People always like to think they know the inside story. Whether it's what's really going on in Brad and Angelina's relationship or what that agent really meant when she said "I didn't love your book enough to offer representation".
Generally, though, not being mindreaders, unless we're personally involved with the gossip du jour, we don't know the inside story. We like to think we do, but we just don't. And yes, that does include you. Unless, of course, you're Brad, Angelina, or that particular agent (in which case, Hi! Call me!).
The epublishing world this week has been alive with the news of Quartet Press's demise. And there are rumours and theories and speculations all over the place, some a hell of a lot more far-fetched than others, and many dragging in such tangentially related topics as Dear Author and Samhain Publishing. And most of them coming from people who, as far as I know, have absolutely no inside knowledge of Quartet, Dear Author, or Samhain, who are not personal friends with any of the main people involved, and who are as well qualified to talk about any of these issues as I am qualified to talk about Brad and Angelina.
I find it a little weird. But for the people who do know the inside story, it must be not only weird but deeply irritating.
A few months ago, I came across an aspiring author's blog. She was talking about how frustrating it is to read books that you don't believe deserve to be published. So far, so non-controversial. But then, as examples, she chose two books about which I just couldn't agree. Mostly because, well, they'd been contracted and edited by me.
Aspiring Author, to do her justice, didn't mention these books by name, but she talked enough about them that it was easy for me to spot which ones she meant.
She didn't like them, for various perfectly well articulated reasons. Which is absolutely fair enough. There are plenty of very successful authors and books that I don't like. Where I got irritated, however, was when she moved into speculating about how these books had ever got published, because that was when she started speculating about me.
One book, in particular, had received some very good reviews. I'm going to change the details here, so please note this is an entirely made-up comparision. In one five-starred review the reviewer had described the book as "Gone With the Wind meets Star Wars". "Wow," said Aspiring Author, "that sounds great." So she bought the book.
And hated it. Despised the heroine, hated the hero, just didn't like the whole thing. So she was speculating about why an editor had ever contracted it.
And what she decided was that the editor was obviously won over by the high-concept pitch ("Gone With the Wind meets Star Wars"), so much so that the editor ignored the book's flaws and published it anyway.
She was entirely, comprehensively wrong. The description the reviewer used was his/her own description; the book was never pitched to me as Gone With the Wind meets Star Wars, and I would never have described it that way myself. I contracted it because the writing was very good, because I'd worked with the author before and knew she was extremely professional, hard working and career-minded, and because I knew that Samhain had a big market for this kind of book. I knew that the hero wouldn't be to everyone's taste, but he was the sort of hero that many readers adore.

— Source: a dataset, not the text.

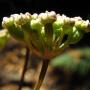 Kellogg’s Yampah (Perideridia kelloggii) beginning to bud. Naive.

Basically, although it might have made Aspiring Author feel better to think that an "unworthy" book had got published just because the author had had the luck to hit on a high-concept pitch that hooked an editor, this wasn't the case. The author had done the much less gimmicky work of paying attention to her craft, doing her background and market research, editing and re-editing her manuscript, working hard during the edits for her first book with me, being pleasant and non-argumentative during the editing process. In short, she'd done what all authors should be doing. That was the inside story.
Of course, the real inside story was less dramatic and with less potential for gossip ("publisher contracts trash!") than the imagined inside story. Knowing that authors who work hard get contracts is, after all, not terribly worth commenting on.
Not having the inside story on Quartet Press, I obviously don't know whether that's the case with them as well. I do think, however, that Quartet Press's closure is less drama-worthy than some of the commentary would indicate.
A lot of start-up businesses fold early on. A lot of epublishers fold - or, possibly worse, simply sink without trace - before they've been open a year. We're currently in a global recession, a notoriously bad time for any new business to start up. In the UK, Woolworths, a huge chain of stores that's been going for about a century, recently closed, leaving their shop buildings empty in nearly every town centre (and Gloworm sad cos she liked their cheap toys). Black Lace, the sixteen-year-old erotica line, is closing. It's a recession. These things happen.
One company closing means no more and no less than it's always done. Woolworths' closure doesn't mean the sky is falling for shops everywhere. Black Lace's doesn't mean a catastrophic end to erotic fiction. Quartet's doesn't mean the future of digital publishing is under a dark cloud of doom.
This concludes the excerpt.